Kinky Salon has never just been about getting laid. If you look at the bigger picture, at our place in history, it’s fascinating to realize that we are part of a lineage of people, events, protests, and celebrations which have been going on for centuries. Each generation thinks they discover sex, that they are more outrageous or more daring than their forebears. I had that delusion myself- I think it’s a natural part of growing up. Realizing my place in history was a wake up call for me. It made me reassess, and take a closer look at what makes this era unique. It’s not just a hedonistic freefall into the apocalypse- there are deeper motivations going on here.
Indulge me.
I believe that our culture is under the influence of a massive Jungian shadow which has blocked out our true perception of what it is to be ‘human’ for thousands of years. When humans stopped roaming, and plowed the land for food instead of hunting and gathering, our worldview shifted. It was such a dramatic change, we’ve been recovering ever since, like a baby whose mothers breast is taken away too young. So, what came first? The repression of the Great Mother archetype or that universal feeling of separation and scarcity?
We are complicated monkeys, it’s true, but for many thousands of years maybe it was simple. We roamed around in tribes hunting and gathering in a gigantic underpopulated planet filled with a never ending smorgasboard of fruit, salad, nuts and occasionally a delicious wooly mammoth. Humans love the story that Homo Sapiens started out as greedy, warring gangs of violent apes, because it justifies our current behavior so neatly. But what if the Hobbesian idea about our pre history being ‘nasty, brutish and short’ is wrong?
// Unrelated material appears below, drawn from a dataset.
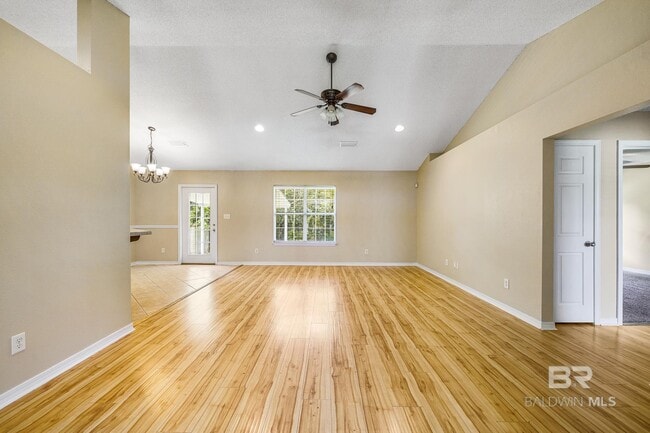 Building Photo - 16955 Heartland Cir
We are overdue in re-examining these universal preconceptions which were first proposed in the 1600s!
Once we started farming and stopped moving, and there was an explosion in population, all of a sudden there wasn’t enough to go around anymore. Rather than being grateful to a Goddess for her never ending abundance, we became fearful of a wrathful God who rained his anger down upon us and punished the wicked.
When we got scared, we started hoarding, we got obsessed with quid pro quo, and we started counting. Two for me and one for you. It would be a natural reaction.
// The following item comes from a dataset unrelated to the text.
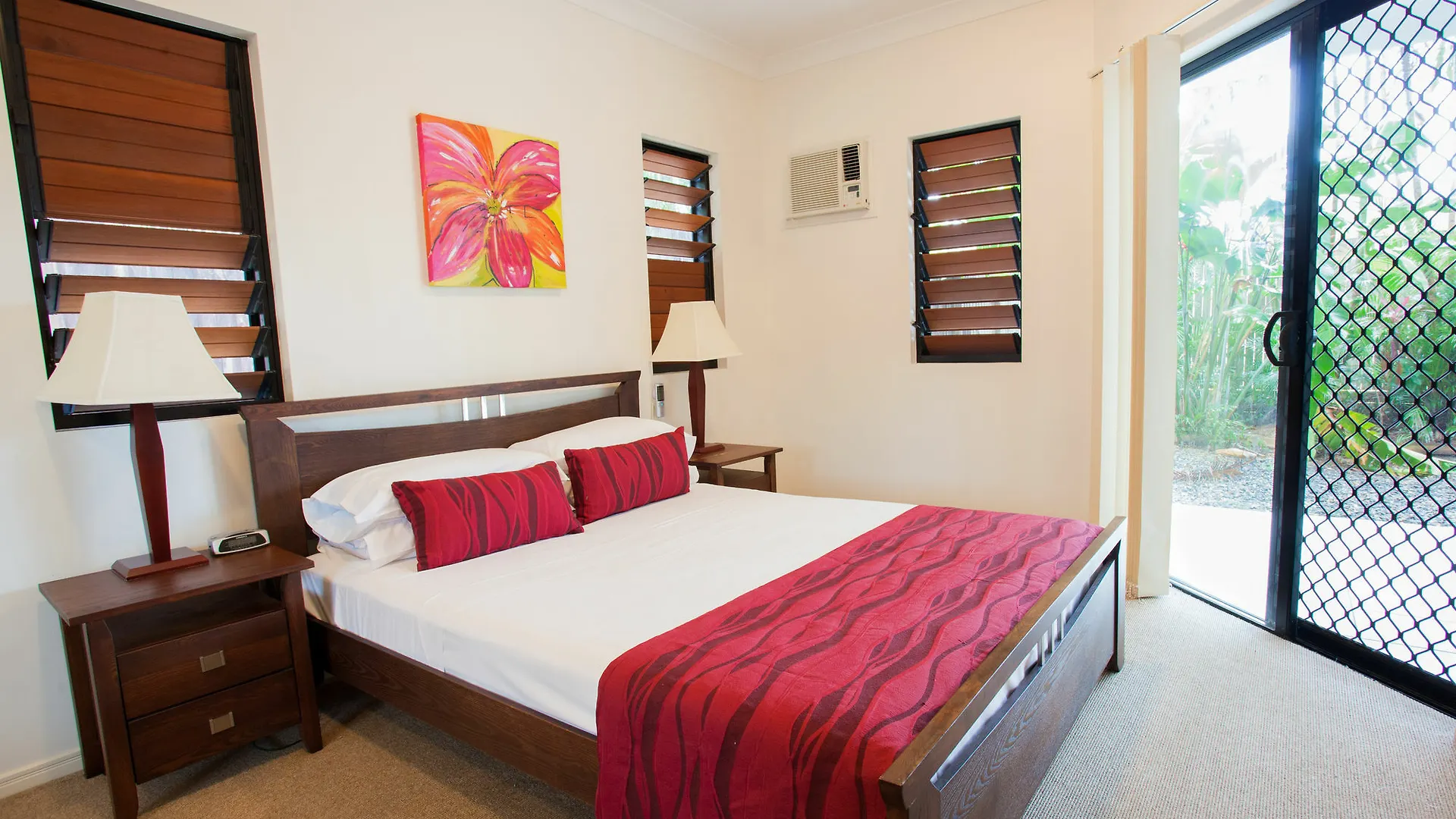 **** Apartahotel Seaforth Apartments Trinity Beach Australia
The part about this story that I’m getting to is where this shift in culture starts to change how we view sex. It might have gone a bit like this: “This land belongs to me. My son will own this land after me. And the only way I can guarantee that my son is truly my son, is to control my wife’s sexuality.”
I’m talking about pre-history here, so there are no absolute answers. Just to be transparent, these conclusions aren’t really mine. Scientists talk about this stuff.
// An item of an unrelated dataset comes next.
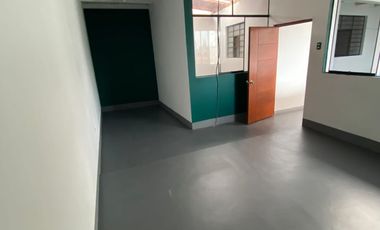 EN VENTA CASA DE 3 PISOS BARRANCA, EXCELENTE UBICACIÓN, CERCA A LA PLAYA- PRECIO DE REALIZACIÓN.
Next, women, and their wombs, became valuable property along with the land and the animals. But don’t get me wrong- I don’t think that women have been subjugated by men. Rather we have all been subjugated by this cultural shadow. The roles that men are forced to play are just as unpleasant. They have had to fight and die in wars, they’ve been responsible for taking care of women, providing for children. Men have suffered too, in a different way.
Needless to say, we all miss that great global tit which kept us fed and safe and took care of us. But the temper tantrum of a toddler doesn’t last forever, and hopefully the child will grow up and become self aware before it totally trashes its playroom.
And what does that have to do with us now? The twenty first century is the first time since man plowed the field, that women have experienced being owners of their own sexuality. When I look at the sexually liberated people who surround me, I see a million battles fought and won- progress, change, evolution. I have an opportunity, as a woman, to explore my sexuality in a way that is utterly modern and completely on my own terms, and I see it as a basic human right. Previous generations have only dreamed of this possibility- we are the first to really experience it first hand. My right to be the master of own my sexuality isn’t something I fight for- I actually take it for granted.
I know that I live in a bubble. My history, my place in society, the cities I have lived in. I understand that this is by no means a universal experience for women. But could this be the tail end of a hundred year tipping point which started with the suffragette movement? Am I, and women like me, the first to experience what will soon become universal?